The Dutch Public Prosecutor's Office (PPO) said that value of the penalty orders, which are close to the statutory maximum, are in addition to the tax paid to the Dutch Tax Administration at the end of 2024.

The case, which dates back to a five-year period starting nearly two decades ago, relates to Morgan Stanley's treatment of so-called 'dividend withholding tax'.
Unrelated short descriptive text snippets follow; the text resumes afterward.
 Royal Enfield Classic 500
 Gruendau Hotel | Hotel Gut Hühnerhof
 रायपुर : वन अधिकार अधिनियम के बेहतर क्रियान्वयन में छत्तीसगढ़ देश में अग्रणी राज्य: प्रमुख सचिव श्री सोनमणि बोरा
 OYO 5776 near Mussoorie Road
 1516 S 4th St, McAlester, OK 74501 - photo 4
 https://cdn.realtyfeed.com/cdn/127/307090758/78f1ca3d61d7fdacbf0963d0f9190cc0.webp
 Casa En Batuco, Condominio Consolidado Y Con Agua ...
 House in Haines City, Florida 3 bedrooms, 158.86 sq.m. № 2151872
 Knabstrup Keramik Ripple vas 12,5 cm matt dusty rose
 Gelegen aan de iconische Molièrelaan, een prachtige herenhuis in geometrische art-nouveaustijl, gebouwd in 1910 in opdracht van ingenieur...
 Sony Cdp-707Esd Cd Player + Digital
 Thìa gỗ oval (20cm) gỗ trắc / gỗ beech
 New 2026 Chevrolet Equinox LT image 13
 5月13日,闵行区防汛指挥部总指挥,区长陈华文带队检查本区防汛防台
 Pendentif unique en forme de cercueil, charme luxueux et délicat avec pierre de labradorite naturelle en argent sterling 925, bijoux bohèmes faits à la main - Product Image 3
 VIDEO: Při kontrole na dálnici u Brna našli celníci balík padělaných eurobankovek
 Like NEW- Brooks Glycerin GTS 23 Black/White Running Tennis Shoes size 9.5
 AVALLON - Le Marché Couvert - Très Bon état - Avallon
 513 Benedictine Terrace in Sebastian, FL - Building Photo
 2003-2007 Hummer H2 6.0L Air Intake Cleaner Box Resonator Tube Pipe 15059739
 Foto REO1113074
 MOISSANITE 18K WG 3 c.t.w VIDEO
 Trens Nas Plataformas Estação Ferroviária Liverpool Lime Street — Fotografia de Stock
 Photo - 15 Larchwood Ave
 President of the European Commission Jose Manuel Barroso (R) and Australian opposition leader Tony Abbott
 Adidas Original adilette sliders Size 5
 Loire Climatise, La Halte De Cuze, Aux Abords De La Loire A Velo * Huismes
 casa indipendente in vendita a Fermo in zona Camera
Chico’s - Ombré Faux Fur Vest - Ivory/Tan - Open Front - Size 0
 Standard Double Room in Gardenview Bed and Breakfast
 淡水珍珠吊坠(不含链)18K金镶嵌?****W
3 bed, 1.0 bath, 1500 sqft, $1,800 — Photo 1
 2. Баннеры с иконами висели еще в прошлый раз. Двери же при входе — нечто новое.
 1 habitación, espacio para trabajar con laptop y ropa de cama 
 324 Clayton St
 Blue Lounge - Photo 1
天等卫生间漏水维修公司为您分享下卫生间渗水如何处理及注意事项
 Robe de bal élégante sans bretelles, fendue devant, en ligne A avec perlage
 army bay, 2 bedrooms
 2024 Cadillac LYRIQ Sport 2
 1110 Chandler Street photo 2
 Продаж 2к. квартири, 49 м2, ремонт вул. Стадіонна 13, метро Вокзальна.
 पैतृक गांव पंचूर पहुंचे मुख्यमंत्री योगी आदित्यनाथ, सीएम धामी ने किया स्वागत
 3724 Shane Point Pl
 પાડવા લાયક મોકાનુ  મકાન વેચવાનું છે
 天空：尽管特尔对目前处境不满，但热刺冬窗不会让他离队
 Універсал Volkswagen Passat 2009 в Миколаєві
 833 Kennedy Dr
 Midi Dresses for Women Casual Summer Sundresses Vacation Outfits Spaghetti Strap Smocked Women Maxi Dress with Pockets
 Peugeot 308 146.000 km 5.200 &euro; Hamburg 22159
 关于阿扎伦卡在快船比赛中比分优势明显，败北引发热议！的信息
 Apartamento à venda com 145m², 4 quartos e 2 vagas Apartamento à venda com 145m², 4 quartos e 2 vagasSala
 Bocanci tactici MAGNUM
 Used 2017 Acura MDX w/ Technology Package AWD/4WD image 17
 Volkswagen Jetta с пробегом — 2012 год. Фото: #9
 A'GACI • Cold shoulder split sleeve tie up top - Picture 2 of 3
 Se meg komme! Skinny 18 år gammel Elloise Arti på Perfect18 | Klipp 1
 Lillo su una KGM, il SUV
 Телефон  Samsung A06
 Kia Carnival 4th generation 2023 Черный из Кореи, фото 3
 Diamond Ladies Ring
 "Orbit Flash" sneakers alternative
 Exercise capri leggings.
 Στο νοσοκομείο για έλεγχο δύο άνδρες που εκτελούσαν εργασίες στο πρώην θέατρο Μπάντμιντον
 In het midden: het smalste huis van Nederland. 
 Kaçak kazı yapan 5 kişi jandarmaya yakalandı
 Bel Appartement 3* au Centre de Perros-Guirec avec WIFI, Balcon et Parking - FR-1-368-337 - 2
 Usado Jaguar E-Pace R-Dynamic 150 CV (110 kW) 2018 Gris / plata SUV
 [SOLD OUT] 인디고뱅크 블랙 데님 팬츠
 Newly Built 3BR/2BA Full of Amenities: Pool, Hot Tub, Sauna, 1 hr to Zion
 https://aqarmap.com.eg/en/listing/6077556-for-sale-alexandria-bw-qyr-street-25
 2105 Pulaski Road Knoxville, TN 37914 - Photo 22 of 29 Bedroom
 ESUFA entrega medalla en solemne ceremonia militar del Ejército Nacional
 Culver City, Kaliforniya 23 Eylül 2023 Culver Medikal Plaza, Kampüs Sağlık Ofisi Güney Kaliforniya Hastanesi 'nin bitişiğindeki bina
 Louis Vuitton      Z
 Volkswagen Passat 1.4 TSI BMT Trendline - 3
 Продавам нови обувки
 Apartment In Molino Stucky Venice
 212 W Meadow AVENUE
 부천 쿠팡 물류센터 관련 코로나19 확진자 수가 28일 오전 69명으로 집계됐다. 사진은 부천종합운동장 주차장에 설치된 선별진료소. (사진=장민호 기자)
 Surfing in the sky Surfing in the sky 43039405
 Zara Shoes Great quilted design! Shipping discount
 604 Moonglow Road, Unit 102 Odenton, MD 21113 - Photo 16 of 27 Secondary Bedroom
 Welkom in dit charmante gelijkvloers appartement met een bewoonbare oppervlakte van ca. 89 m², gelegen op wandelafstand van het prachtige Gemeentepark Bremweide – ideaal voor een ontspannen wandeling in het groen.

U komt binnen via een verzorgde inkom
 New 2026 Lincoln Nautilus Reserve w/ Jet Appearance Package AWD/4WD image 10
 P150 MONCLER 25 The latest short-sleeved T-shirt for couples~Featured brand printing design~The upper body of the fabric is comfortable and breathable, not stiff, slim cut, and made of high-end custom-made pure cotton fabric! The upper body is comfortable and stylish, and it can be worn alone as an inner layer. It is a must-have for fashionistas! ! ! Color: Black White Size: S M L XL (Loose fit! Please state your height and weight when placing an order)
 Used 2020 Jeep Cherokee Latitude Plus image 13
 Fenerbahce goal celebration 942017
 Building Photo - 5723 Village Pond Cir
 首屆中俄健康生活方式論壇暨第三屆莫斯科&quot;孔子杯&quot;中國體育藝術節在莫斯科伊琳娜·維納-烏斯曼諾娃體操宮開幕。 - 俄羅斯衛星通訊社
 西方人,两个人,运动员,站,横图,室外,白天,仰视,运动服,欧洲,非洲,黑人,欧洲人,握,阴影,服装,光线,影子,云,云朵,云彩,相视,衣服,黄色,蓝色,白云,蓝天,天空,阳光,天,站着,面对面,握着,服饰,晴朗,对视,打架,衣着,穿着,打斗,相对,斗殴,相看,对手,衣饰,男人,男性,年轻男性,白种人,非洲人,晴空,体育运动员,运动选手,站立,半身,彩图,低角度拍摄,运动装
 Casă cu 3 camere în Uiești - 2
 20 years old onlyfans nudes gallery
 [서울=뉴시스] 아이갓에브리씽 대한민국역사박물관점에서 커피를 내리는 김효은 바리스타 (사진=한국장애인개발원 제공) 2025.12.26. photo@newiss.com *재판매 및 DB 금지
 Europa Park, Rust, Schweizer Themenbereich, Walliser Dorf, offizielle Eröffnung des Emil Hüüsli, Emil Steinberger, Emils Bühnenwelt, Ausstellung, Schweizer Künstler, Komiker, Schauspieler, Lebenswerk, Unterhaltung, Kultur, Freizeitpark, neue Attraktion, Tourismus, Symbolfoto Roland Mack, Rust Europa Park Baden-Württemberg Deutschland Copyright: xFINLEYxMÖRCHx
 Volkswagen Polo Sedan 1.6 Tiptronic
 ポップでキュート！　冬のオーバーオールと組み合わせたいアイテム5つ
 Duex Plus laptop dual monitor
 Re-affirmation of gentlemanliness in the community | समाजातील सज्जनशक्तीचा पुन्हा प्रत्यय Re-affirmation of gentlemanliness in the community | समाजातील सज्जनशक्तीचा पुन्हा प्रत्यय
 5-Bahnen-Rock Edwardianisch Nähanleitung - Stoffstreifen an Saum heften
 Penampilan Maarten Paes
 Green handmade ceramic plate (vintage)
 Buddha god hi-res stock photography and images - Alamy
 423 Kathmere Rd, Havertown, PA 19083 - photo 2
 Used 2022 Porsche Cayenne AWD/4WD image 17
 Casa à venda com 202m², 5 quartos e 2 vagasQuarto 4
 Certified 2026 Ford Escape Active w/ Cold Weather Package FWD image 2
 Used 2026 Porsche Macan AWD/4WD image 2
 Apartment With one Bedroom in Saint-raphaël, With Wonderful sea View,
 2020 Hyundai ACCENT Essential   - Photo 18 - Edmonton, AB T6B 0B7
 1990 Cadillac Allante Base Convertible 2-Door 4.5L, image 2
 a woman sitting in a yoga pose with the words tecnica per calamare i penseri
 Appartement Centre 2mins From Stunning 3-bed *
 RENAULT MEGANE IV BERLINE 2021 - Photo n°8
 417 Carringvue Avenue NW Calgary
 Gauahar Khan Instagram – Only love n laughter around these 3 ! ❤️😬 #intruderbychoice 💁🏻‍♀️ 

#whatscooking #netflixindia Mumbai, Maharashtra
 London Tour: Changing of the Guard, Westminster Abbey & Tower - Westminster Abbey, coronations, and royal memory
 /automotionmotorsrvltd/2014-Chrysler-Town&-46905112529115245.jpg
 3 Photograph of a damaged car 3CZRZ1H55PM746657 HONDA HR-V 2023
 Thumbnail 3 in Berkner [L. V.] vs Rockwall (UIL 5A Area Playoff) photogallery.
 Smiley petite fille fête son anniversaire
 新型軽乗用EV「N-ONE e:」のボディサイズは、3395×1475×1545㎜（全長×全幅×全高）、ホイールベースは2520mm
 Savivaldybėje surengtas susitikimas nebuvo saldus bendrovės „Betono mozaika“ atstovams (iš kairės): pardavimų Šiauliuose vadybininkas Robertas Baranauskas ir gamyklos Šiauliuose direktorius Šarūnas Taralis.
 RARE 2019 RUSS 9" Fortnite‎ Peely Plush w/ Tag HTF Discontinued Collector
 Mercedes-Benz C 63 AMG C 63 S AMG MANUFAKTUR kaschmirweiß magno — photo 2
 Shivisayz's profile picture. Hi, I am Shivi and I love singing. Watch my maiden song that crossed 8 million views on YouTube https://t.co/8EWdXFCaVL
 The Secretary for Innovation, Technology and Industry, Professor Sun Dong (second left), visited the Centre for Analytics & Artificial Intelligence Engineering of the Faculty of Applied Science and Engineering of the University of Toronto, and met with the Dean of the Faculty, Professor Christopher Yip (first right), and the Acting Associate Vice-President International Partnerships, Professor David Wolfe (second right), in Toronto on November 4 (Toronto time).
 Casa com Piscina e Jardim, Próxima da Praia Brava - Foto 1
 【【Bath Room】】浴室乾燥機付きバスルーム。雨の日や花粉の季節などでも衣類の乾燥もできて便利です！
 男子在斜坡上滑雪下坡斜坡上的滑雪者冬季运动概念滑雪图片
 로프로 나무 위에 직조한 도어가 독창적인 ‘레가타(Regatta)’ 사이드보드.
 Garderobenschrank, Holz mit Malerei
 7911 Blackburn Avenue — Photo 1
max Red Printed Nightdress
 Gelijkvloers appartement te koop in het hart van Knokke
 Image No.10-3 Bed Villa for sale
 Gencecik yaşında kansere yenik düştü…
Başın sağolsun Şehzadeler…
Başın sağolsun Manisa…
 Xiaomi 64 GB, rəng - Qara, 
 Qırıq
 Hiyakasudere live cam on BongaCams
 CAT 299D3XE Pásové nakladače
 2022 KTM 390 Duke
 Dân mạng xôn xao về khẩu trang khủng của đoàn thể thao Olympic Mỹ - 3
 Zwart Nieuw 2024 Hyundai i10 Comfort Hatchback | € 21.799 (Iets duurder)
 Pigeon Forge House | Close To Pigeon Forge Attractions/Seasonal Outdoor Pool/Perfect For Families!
Dutch law stipulates that anyone receiving dividends on Dutch shares they own must pay a dividend tax. However, if you are a Dutch resident, you can usually deduct this tax or ask the DTA for a refund - but only if you are the ultimate beneficiary of those dividends.

"The PPO is of the view that MS - through a specially designed structure - enabled parties, who were not entitled to credit or to reclaim dividend tax, to nonetheless be able to wrongfully obtain the benefit of a portion of the set-off dividend tax," the PPO said in a statement on Thursday.

The prosecutor claimed that Netherlands-based Morgan Stanley Derivative Products (MSDPN) received dividends of 830m between 2007 and 2012 on Dutch listed shares, which flowed automatically via the London office to underlying financial institutions that were not eligible for compensation. The bank then offset the dividend tax withheld on these dividends, totalling 124m, in five corporate income tax returns from 2009 to 2013.

The PPO concluded that MSDPN "had no legal right to do so", with the bank having "engaged in dividend tax evasion and intentionally filed false tax returns".

Just before the start of criminal proceedings, the bank agreed to accept the fines, meaning the case can now be closed, the prosecutor said.